* TASK ITEM
Print, exactly and without pictures, the lines from the one where "help with a campaign" appears down to the end of the entries.

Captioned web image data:
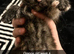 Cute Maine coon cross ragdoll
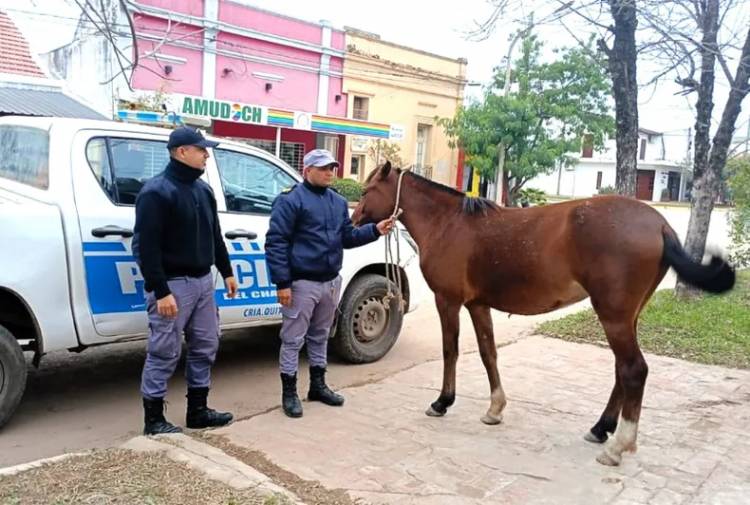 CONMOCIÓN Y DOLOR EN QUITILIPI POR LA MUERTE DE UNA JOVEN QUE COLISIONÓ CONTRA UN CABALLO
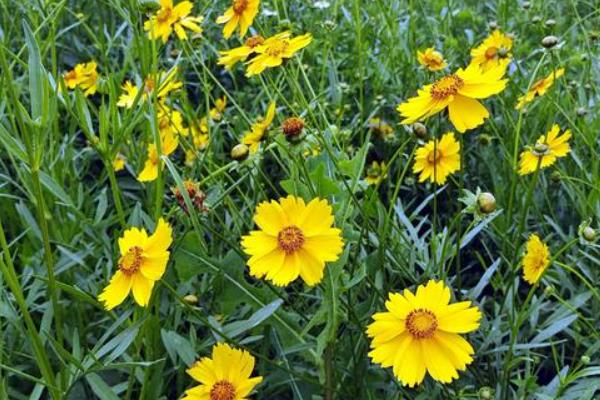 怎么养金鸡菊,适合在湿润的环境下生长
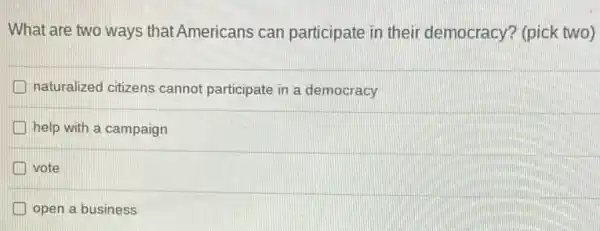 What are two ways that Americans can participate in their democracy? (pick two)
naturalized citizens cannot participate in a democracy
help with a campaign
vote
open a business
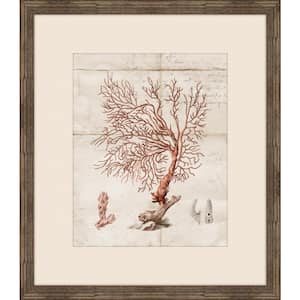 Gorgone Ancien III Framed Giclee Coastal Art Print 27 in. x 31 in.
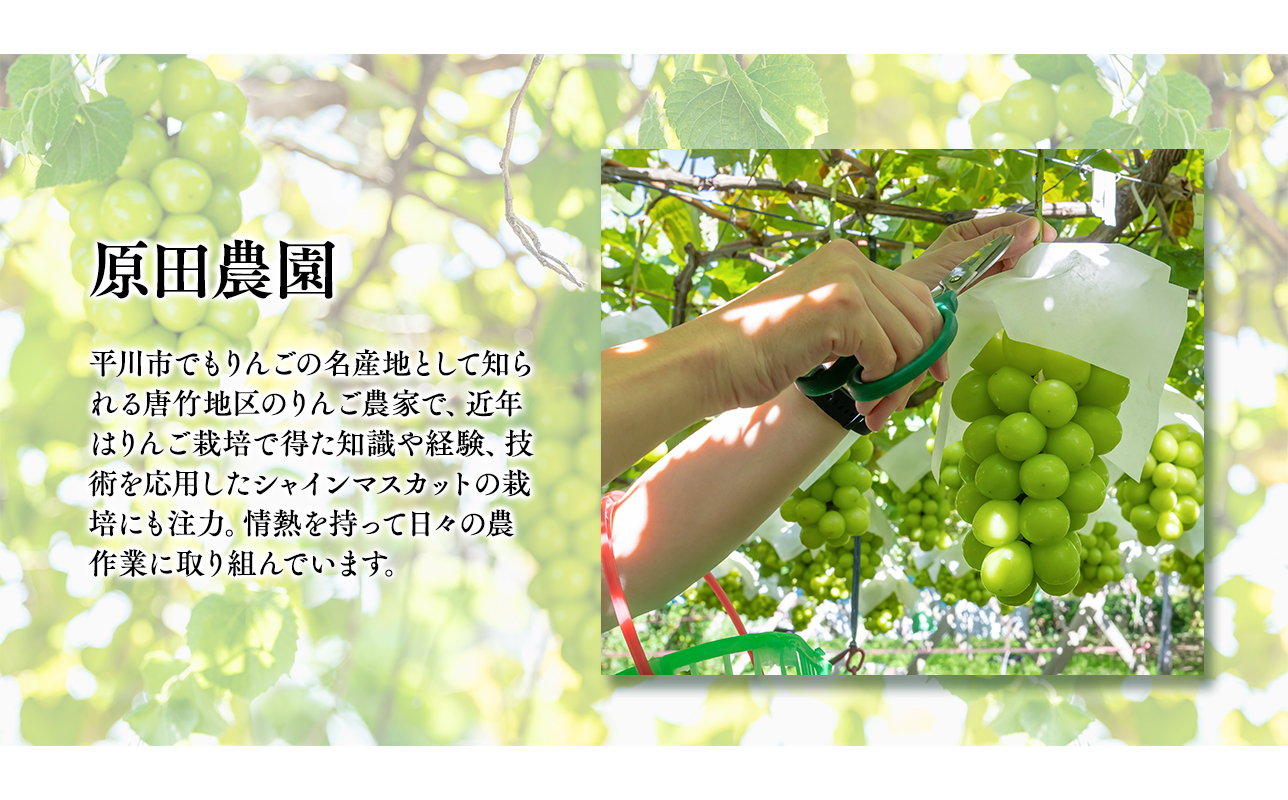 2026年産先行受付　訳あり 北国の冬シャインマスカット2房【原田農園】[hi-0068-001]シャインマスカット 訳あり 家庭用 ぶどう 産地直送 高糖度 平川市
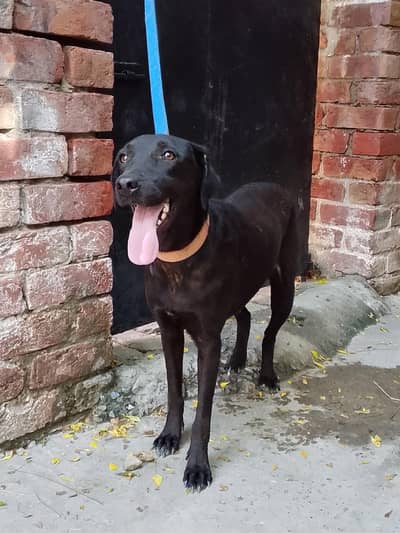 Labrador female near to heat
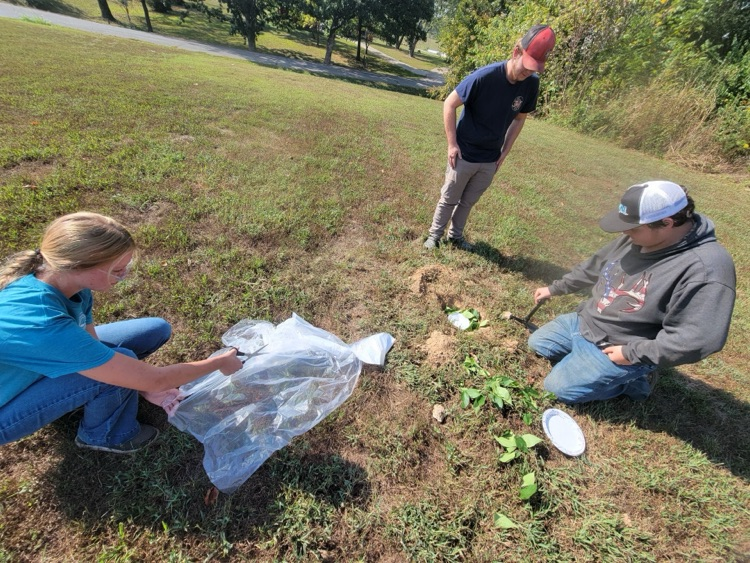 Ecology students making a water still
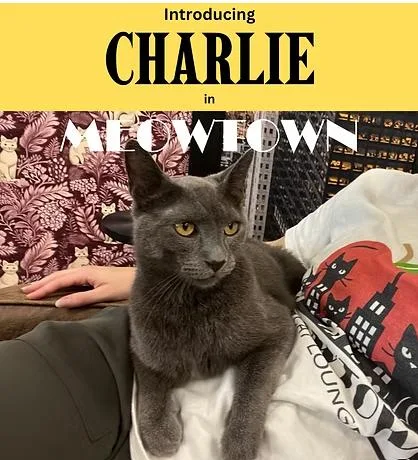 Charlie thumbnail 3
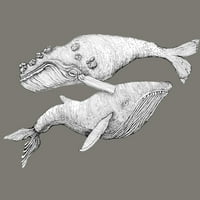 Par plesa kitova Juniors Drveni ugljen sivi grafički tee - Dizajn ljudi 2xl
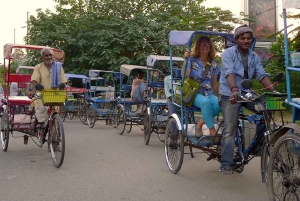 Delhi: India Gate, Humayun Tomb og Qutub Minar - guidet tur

* RESPONSE TO THIS TASK
help with a campaign
vote
open a business
 Gorgone Ancien III Framed Giclee Coastal Art Print 27 in. x 31 in.
 2026年産先行受付　訳あり 北国の冬シャインマスカット2房【原田農園】[hi-0068-001]シャインマスカット 訳あり 家庭用 ぶどう 産地直送 高糖度 平川市
 Labrador female near to heat
 Ecology students making a water still
 Charlie thumbnail 3
 Par plesa kitova Juniors Drveni ugljen sivi grafički tee - Dizajn ljudi 2xl
 Delhi: India Gate, Humayun Tomb og Qutub Minar - guidet tur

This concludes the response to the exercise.